To navigate is to direct or manage something on its course; in other words, to control the movement from one place to another. To navigate means to determine one’s position and direction and make a way over or through. Historically, the field of navigation is most prominent in air, sea, and space as the primary skill in successfully guiding planes, ships, and rockets to their intended destinations. More recently, the term navigate has been used in an array of contextual landscapes including politics, relationships, ecosystems, and business. 

Whether you are navigating a vehicle or a business, it’s imperative that you’re able to effectively determine your current position and then set direction. A study of 250,000 executives showed that setting strategic direction is the most important role of a leader and the number one factor that improved organizational health. Despite the importance of leaders’ ability to set direction, research by Gallup over the past 30 years with more than 10 million managers found only 22 percent of employees strongly agreed that the leaders of their organization have set clear direction for the business. Strategic was written to help leaders set clear direction and navigate their business from their current position to reach their vision.

Adam: What do you hope readers take away from your new book?

Rich: Research with HR executives shows that nearly 70% report their managers feeling overwhelmed by the business. I want leaders to know that they are not alone in feeling that they have to work harder and harder just to tread water and stay afloat. But there’s a better way. I created the Strategic Fitness System—a compass to help leaders ensure that they are covering all the important areas of their business on a regular basis. This compass has four disciplines: Strategy, Leadership, Organization, and Communication. Within each of these disciplines are hundreds of tools, tips, and techniques that leaders can immediately apply to their business to manage more effectively and efficiently. 

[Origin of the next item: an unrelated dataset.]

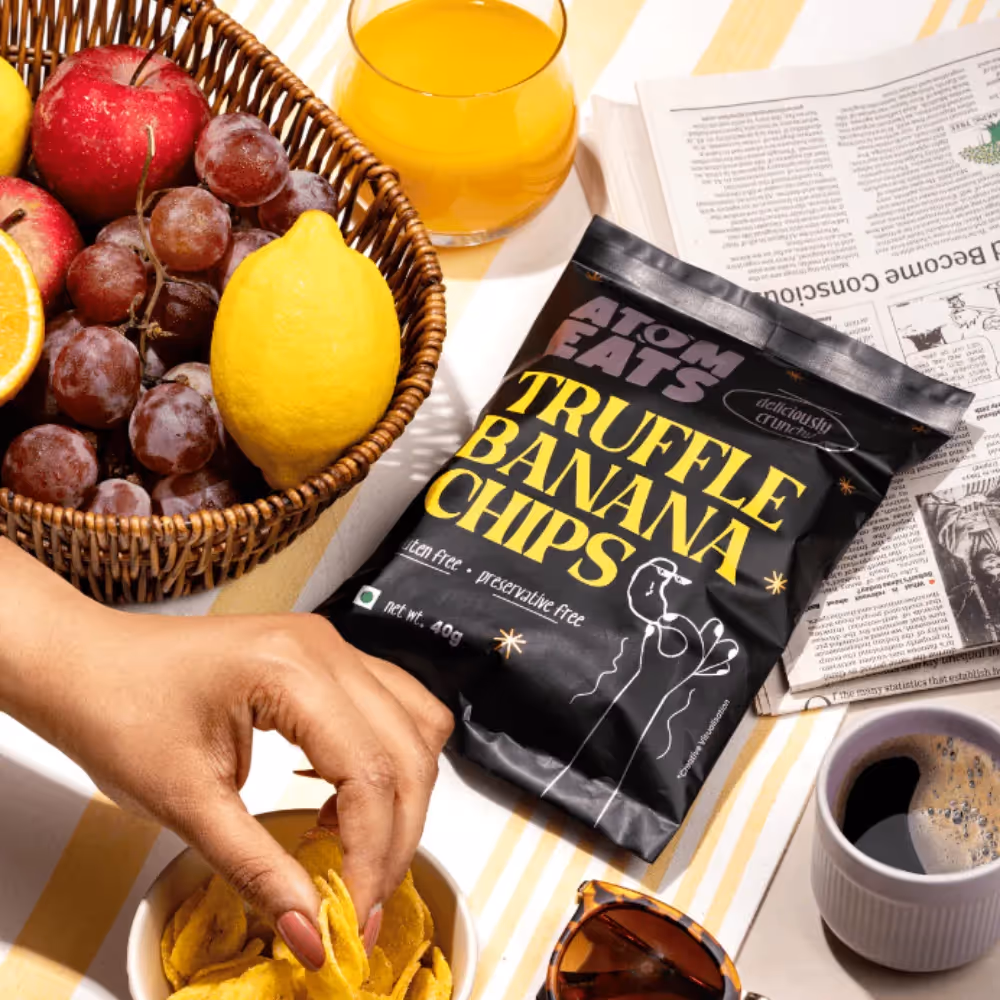 Truffle Banana Chips  image 5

For example, one chapter is titled, “Time and Calendar.” If a leader is not in control of their time and calendar, then they will never be able to maximize their ability to serve the people they support. I share ways to strategically manage time through techniques such as monotasking, reducing the number of transitions during the day, and scoring your interactions based on the level of value they’re generating. Included are examples from several CEOs who effectively use the batching technique to put similar tasks and areas of focus on the same days/times each week, so they are maximizing their mental bandwidth. The takeaway from this chapter and others is that we must continually challenge ourselves to think differently. New growth comes from new thinking.

Adam: What should leaders understand about strategy and strategic thinking?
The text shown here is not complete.